Our 1996 addition to a decades-old model was restated, in part, 15 years later in 2011: Reframing sexual differentiation of the brain “In the twentieth century, the dominant model of sexual differentiation stated that genetic sex (XX versus XY) causes differentiation of the gonads, which then secrete gonadal hormones that act directly on tissues to induce sex differences in function. This serial model of sexual differentiation was simple, unifying and seductive. Recent evidence, however, indicates that the linear model is incorrect and that sex differences arise in response to diverse sex-specific signals originating from inherent differences in the genome and involve cellular mechanisms that are specific to individual tissues or brain regions.” (McCarthy and Arnold)

Data from research on pheromones somehow went missing from the reiteration of Diamond, Binstock, and Kohl (1996) by McCarthy and Arnold (2011).  Lest others continue to miss this, I will add…

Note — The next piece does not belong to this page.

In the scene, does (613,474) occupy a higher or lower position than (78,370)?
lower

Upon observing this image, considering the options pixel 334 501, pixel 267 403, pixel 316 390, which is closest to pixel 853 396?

Pheromones are sex-specific signals that originate from inherent sex differences in the genome. They epigenetically effect the cellular mechanisms that are specific to individual tissues and brain regions via the gene, cell, tissue, organ, organ system pathway. That pathway links both food odors and social odors (i.e., pheromones) to the development of brain-directed behavior. It links food odors and pheromones to directly to alterations in gonadotropin releasing hormone (GnRH) and its downstream affects on vertebrate behavior, or via the downstream effects of juvenile hormone (JH) on invertebrate behavior.

“Parenthetically it is interesting to note even the yeast Saccharomyces cerevisiae has a gene-based equivalent of sexual orientation (i.e., a-factor and alpha-factor physiologies). These differences arise from different epigenetic modifications of an otherwise identical MAT locus (Runge and Zakian, 1996; Wu and Haber, 1995).” — also from Diamond, Binstock and Kohl (1996)

The epigenetic modifications are nutrient chemical-dependent and pheromone-controlled, which leads to another conclusion:  “Olfaction and odor receptors provide a clear evolutionary trail that can be followed from unicellular organisms to insects to humans.” If not for some very obvious politics in the science of human sexuality, more people would have been aware, since 1996, that epigenetics explains both homosexuality and heterosexuality. Indeed, it is ridiculous for researchers to attempt to use one model for homosexuality and another for heterosexuality. It is equally ridiculous to claim that one model is a theory unsupported by data.  Heterosexual orientation is nutrient chemical-dependent and pheromone-controlled in every species on the planet. How did an epigenetic explanation of homosexuality become someone’s “new” model that McCarthy thinks is a theory that “is not supported by any data.”? Is there a theory of heterosexuality that is supported by data, or is the model for the development of food preferences and development of sexual preferences from species of microbes to man supported equally well by the same data?